┌─ DATA PROVIDED
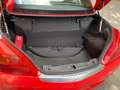 Opel Tigra Tigra TwinTop 1,4 16V Rot - thumbnail 12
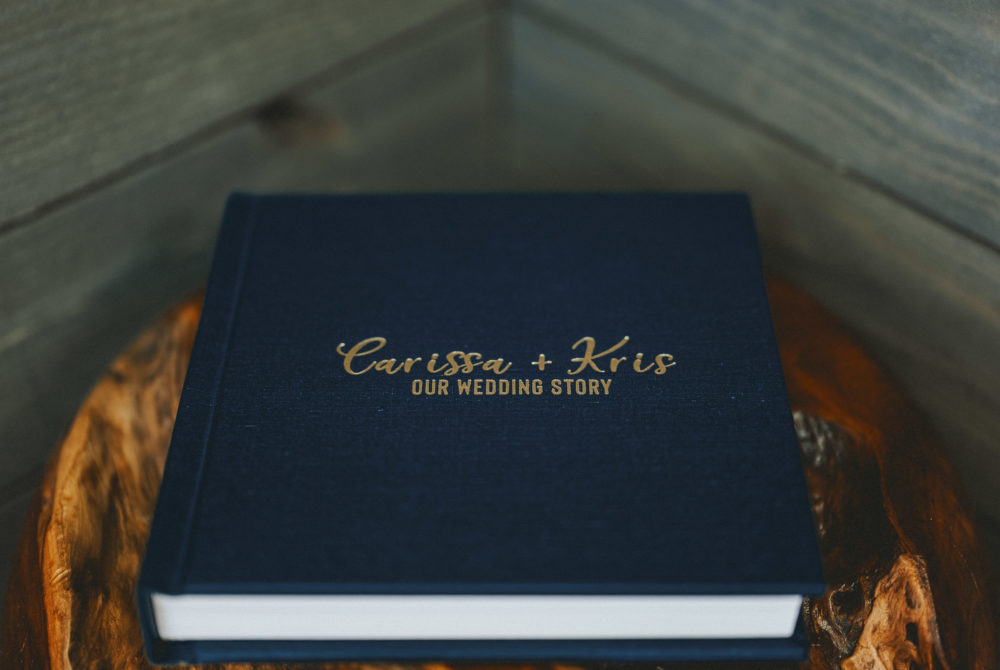 philadelphia wedding photographer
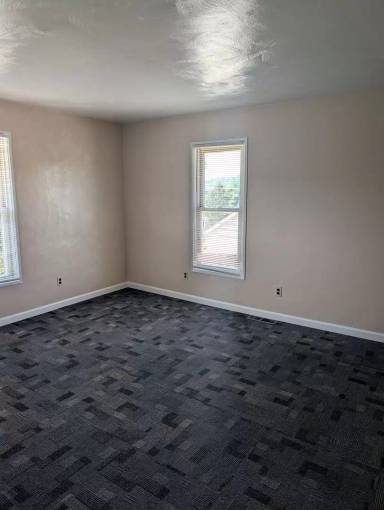 Main picture of 126 Latimer Ave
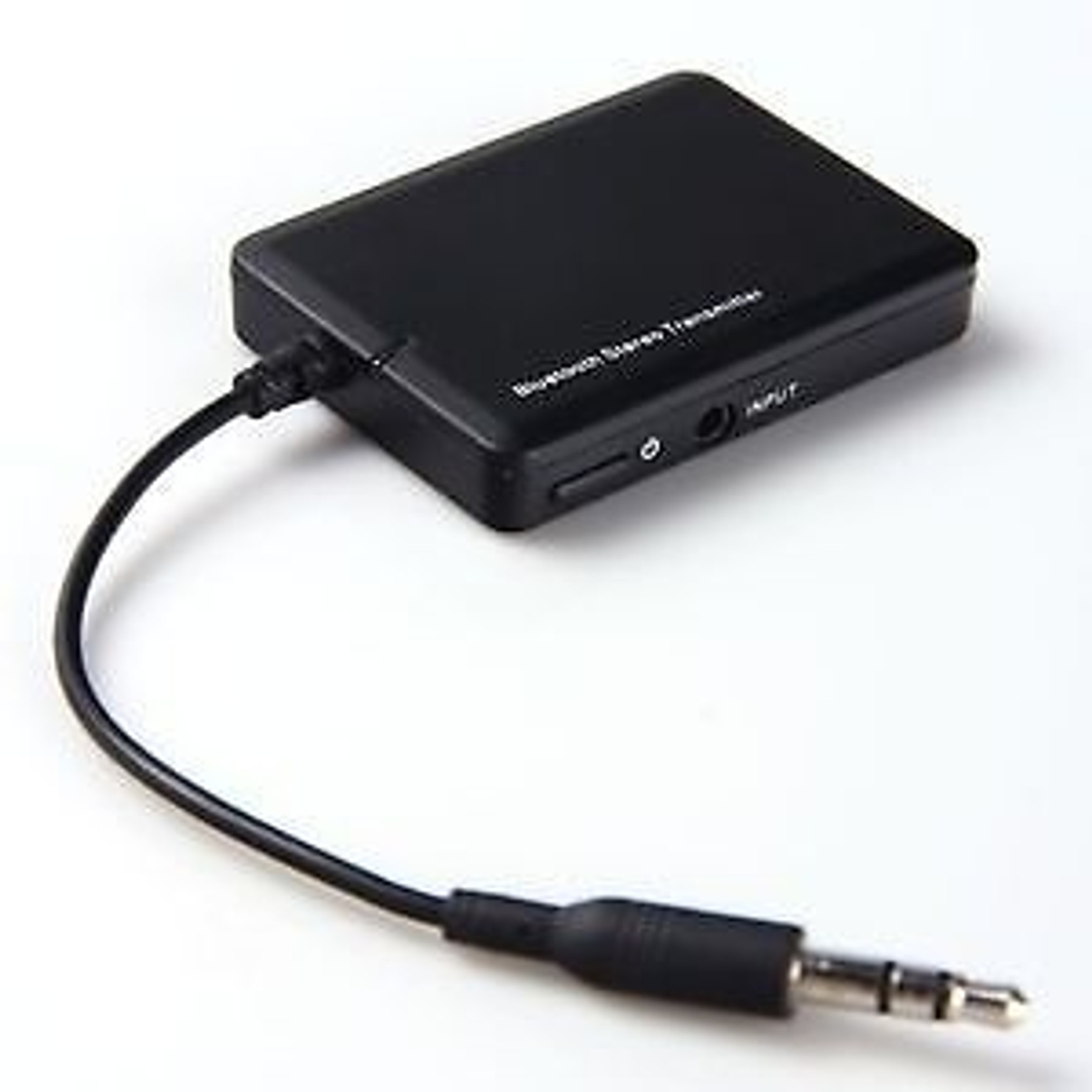 Car Bluetooth Device Price In India Car Bluetooth Device Price In India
└─
# TASK STATEMENT
Go through the listing above and write it out again exactly, dropping the pictures.

# EXERCISE RESPONSE
 Opel Tigra Tigra TwinTop 1,4 16V Rot - thumbnail 12
 philadelphia wedding photographer
 Main picture of 126 Latimer Ave
 Car Bluetooth Device Price In India Car Bluetooth Device Price In India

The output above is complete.